■ **Task description**
Without including the pictures, copy each line below exactly as it reads.

[[ Records provided open ]]

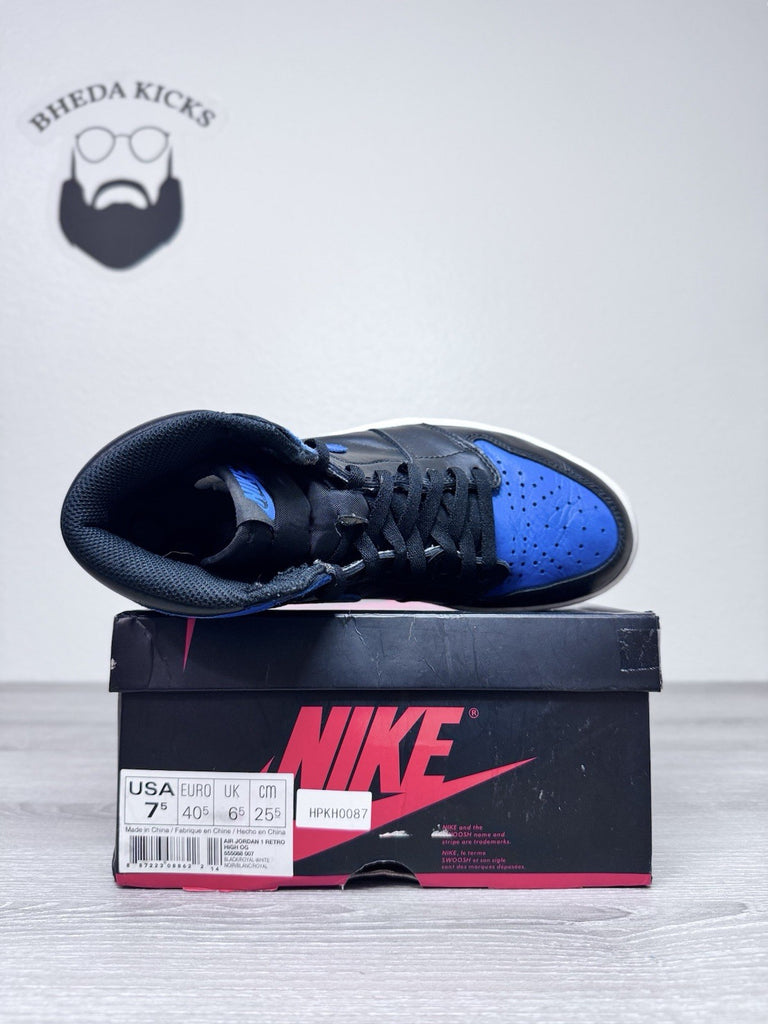 Size 7.5 - Nike Air Jordan 1 High OG Royal Blue Retro Men’s 555088-007 Preowned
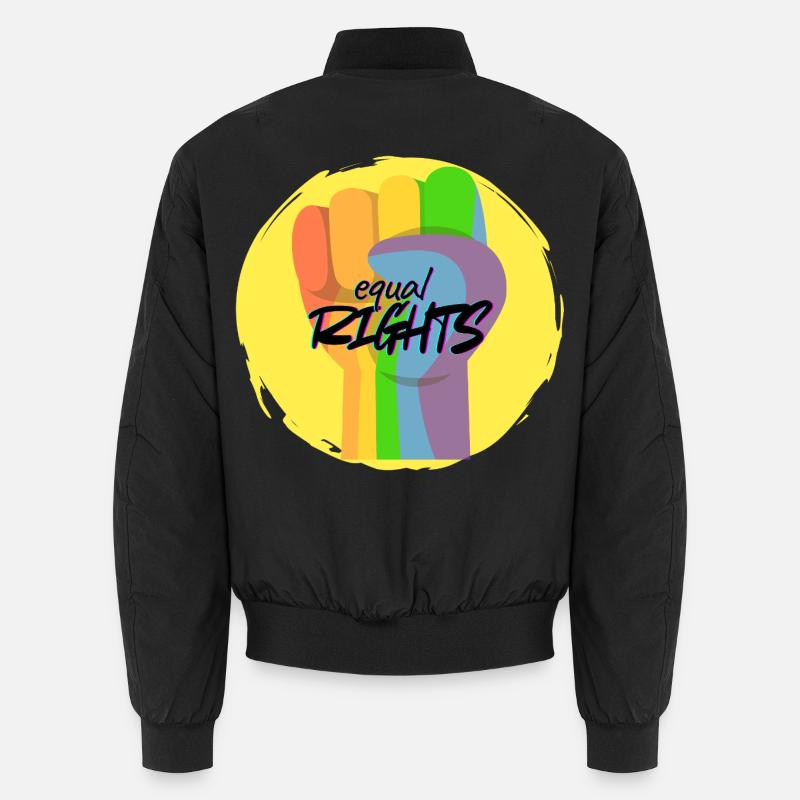 Rainbow Fist Pride Equality Unisex Bomber Jacket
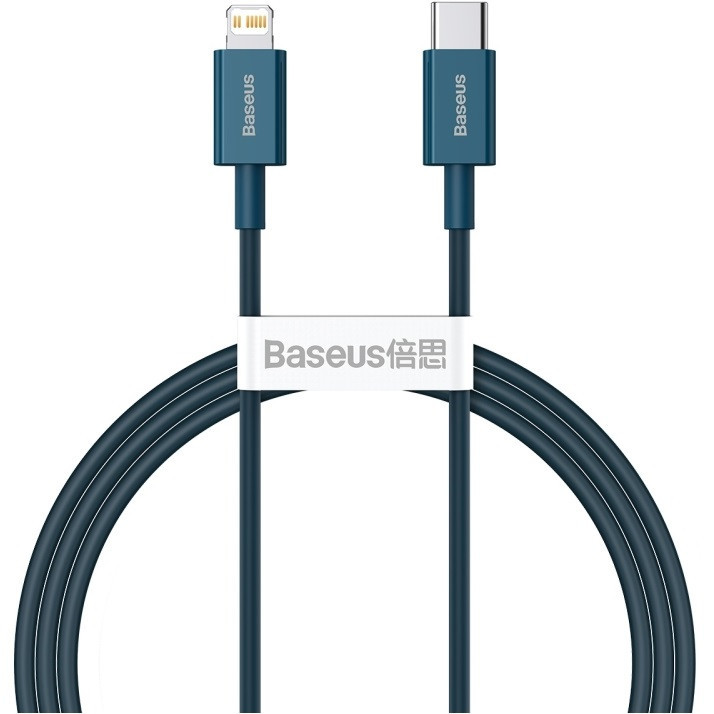 Nabíjací a dátový kábel USB Type-C, Lightning, 100 cm, 20 W, proti otrasom, rýchle nabíjanie, PD, Baseus Superior, CATLYS-A03, modrý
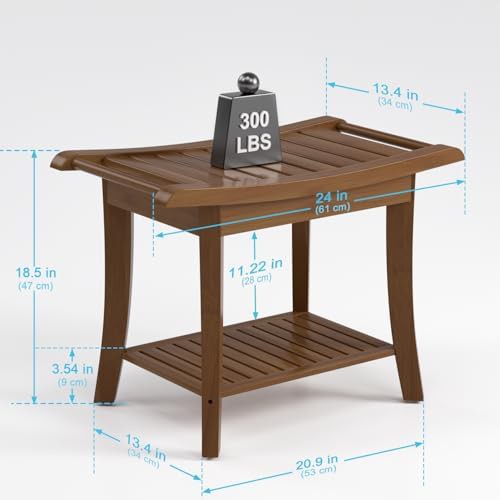 Bamboo shower seat and corner stool pair — photo 3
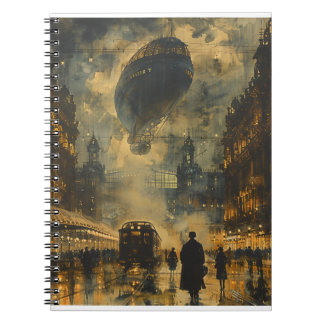 Carnet Arrivée en soirée - Une scène de rue Steampunk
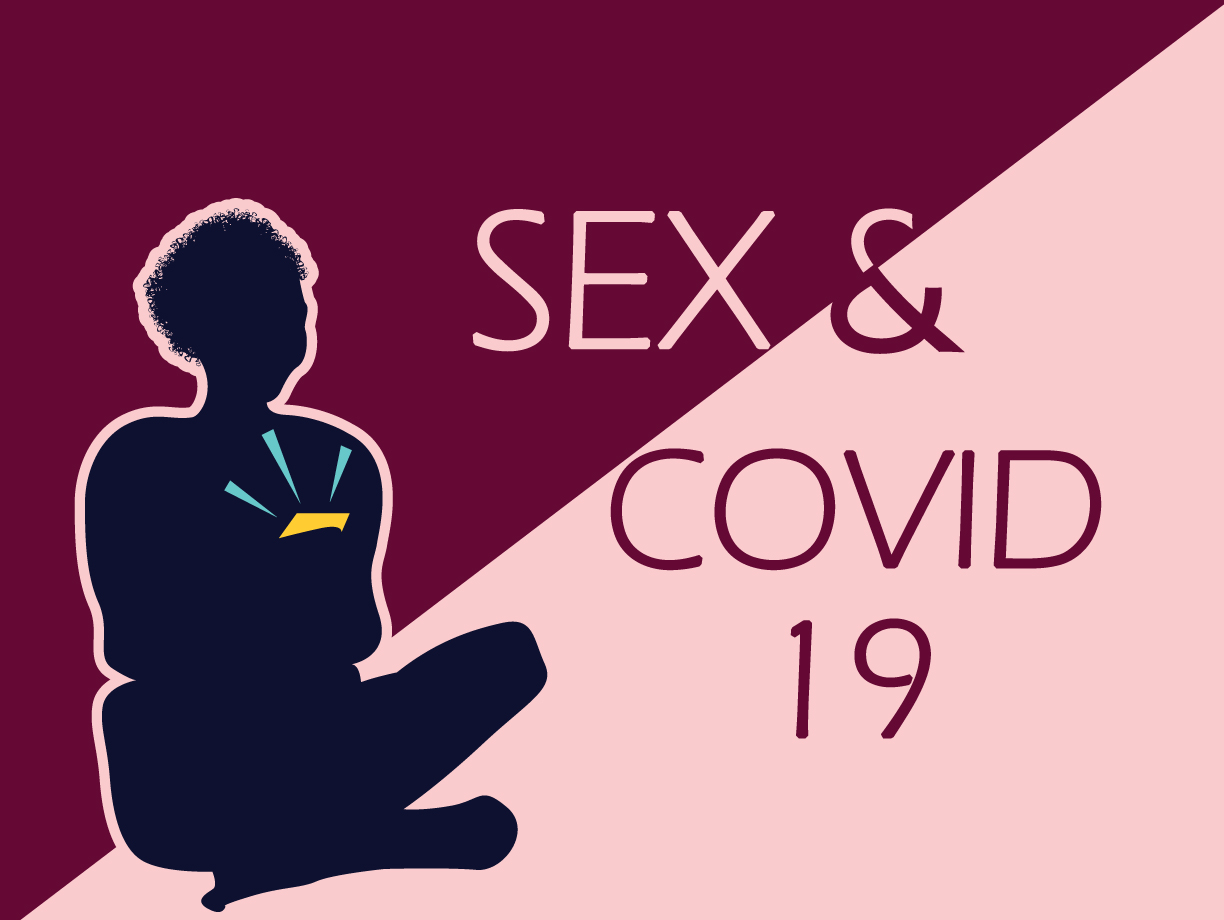 GRAPHIC: Women holding a phone next to the text "Sex & COVID-19." Graphic by The Signal Online Editor, Alyssa Shotwell.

[[ Records provided closed ]]

■ **Response area**
 Size 7.5 - Nike Air Jordan 1 High OG Royal Blue Retro Men’s 555088-007 Preowned
 Rainbow Fist Pride Equality Unisex Bomber Jacket
 Nabíjací a dátový kábel USB Type-C, Lightning, 100 cm, 20 W, proti otrasom, rýchle nabíjanie, PD, Baseus Superior, CATLYS-A03, modrý
 Bamboo shower seat and corner stool pair — photo 3
 Carnet Arrivée en soirée - Une scène de rue Steampunk
 GRAPHIC: Women holding a phone next to the text "Sex & COVID-19." Graphic by The Signal Online Editor, Alyssa Shotwell.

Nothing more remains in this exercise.